- What the task asks -
Set down the entries below exactly, leaving out all images.

=== Section Start ===

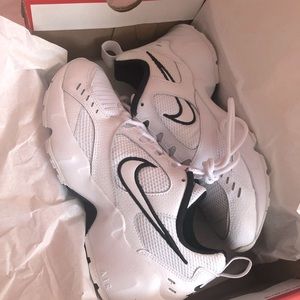 NIKE👟Air Heights wmns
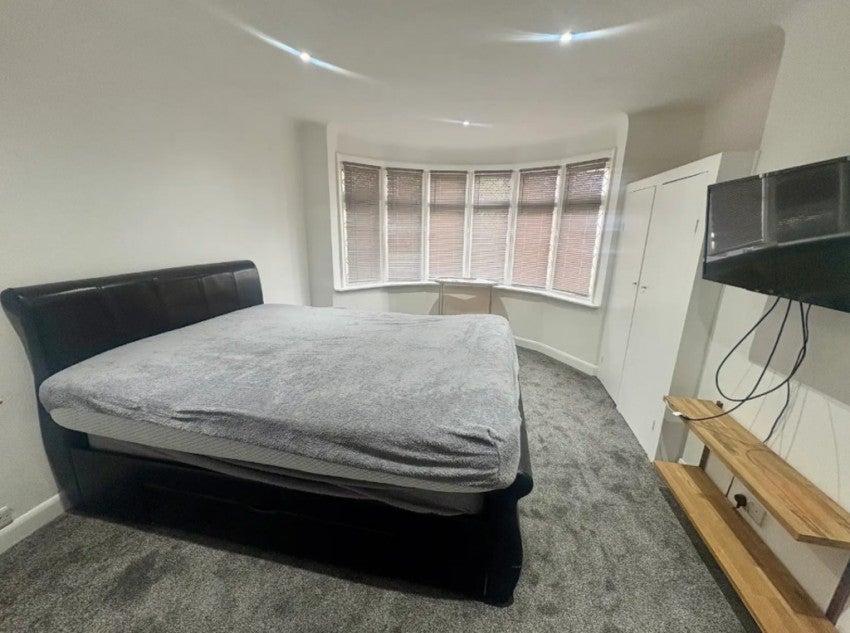 Room Dukes Road in Southampton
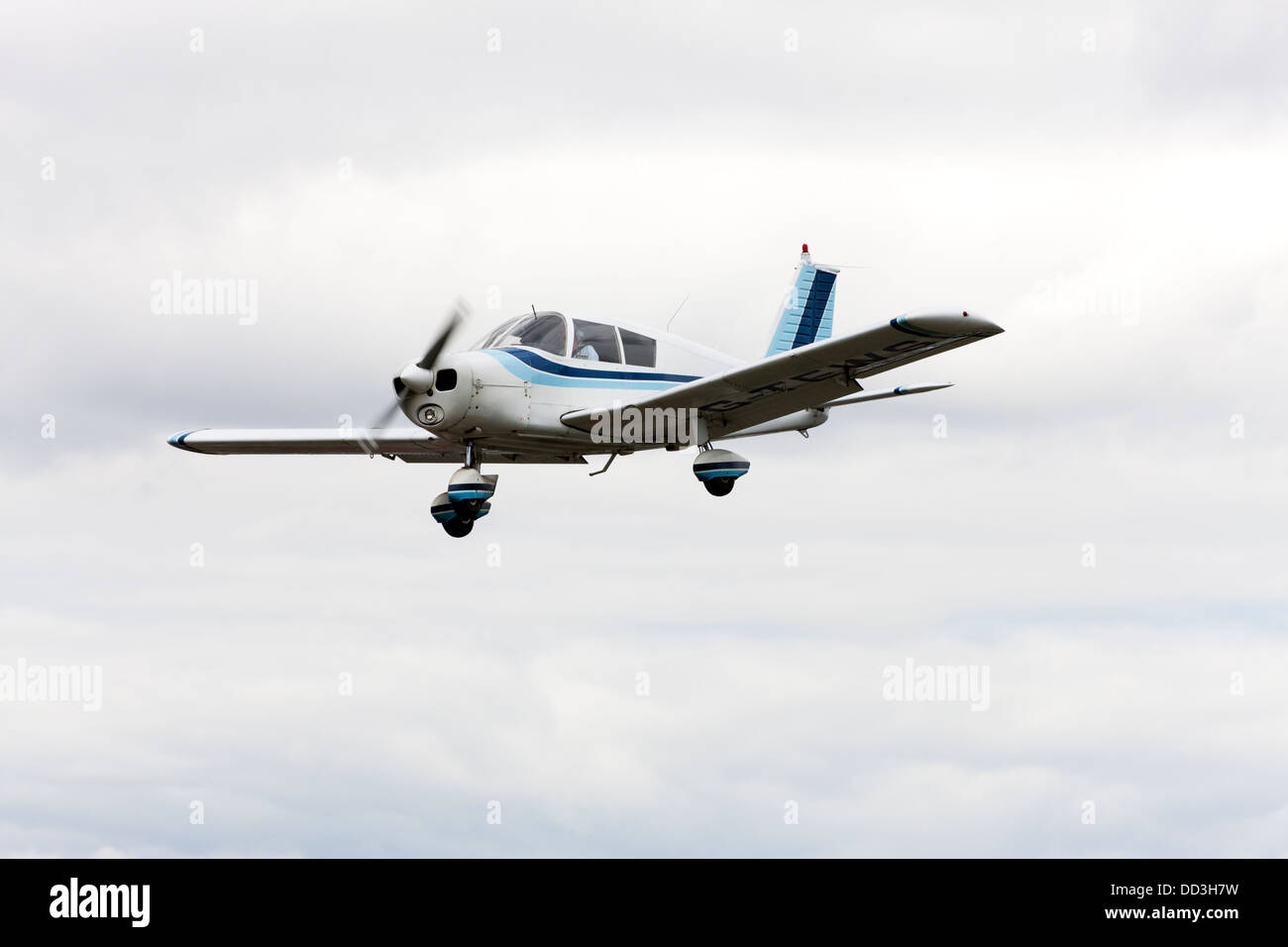 Piper PA-28--140 Cherokee G-TEWS takimg-off da Breighton Airfield Foto Stock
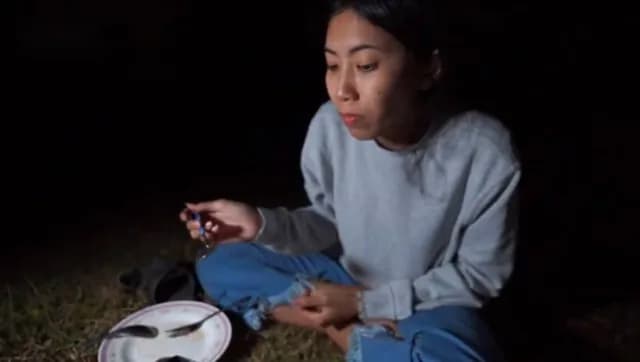 คลิปหลุดใหม่ น้องเบล มาตั้งแคมป์กับผัว กินเมื้อค่ำก่อนกางเต้นท์ จัดเย็ดสดแตกในกัน รับลมหนาว โดนควยซอยหีกระแทกเย็ดยับ (1/1)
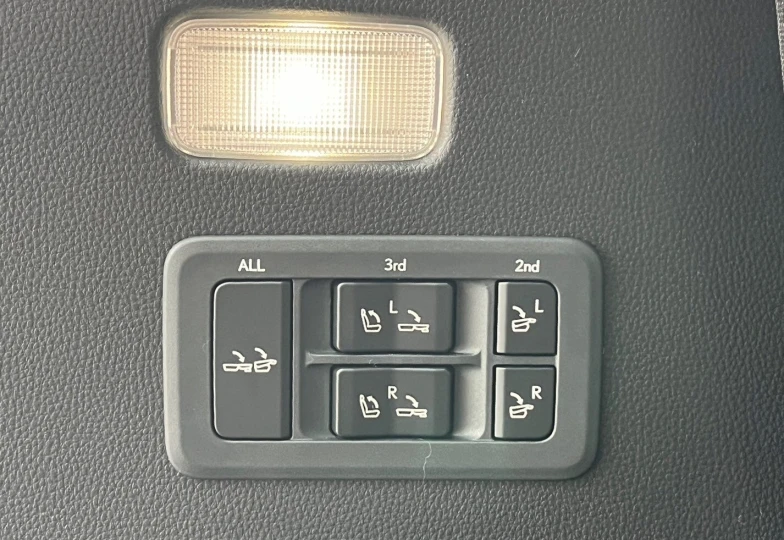 Lexus LX Зеленый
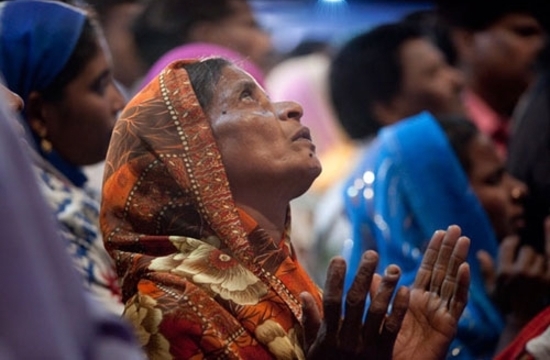 Mujer cristiana orando por víctimas de persecución en India
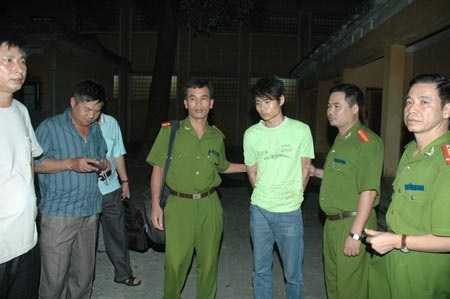 Vụ cướp tiệm vàng: Kẻ thủ ác và số phận 2 cháu bé - 2 Vụ cướp tiệm vàng: Kẻ thủ ác và số phận 2 cháu bé - 2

=== Section End ===

- Answer below -
 NIKE👟Air Heights wmns
 Room Dukes Road in Southampton
 Piper PA-28--140 Cherokee G-TEWS takimg-off da Breighton Airfield Foto Stock
 คลิปหลุดใหม่ น้องเบล มาตั้งแคมป์กับผัว กินเมื้อค่ำก่อนกางเต้นท์ จัดเย็ดสดแตกในกัน รับลมหนาว โดนควยซอยหีกระแทกเย็ดยับ (1/1)
 Lexus LX Зеленый
 Mujer cristiana orando por víctimas de persecución en India
 Vụ cướp tiệm vàng: Kẻ thủ ác và số phận 2 cháu bé - 2 Vụ cướp tiệm vàng: Kẻ thủ ác và số phận 2 cháu bé - 2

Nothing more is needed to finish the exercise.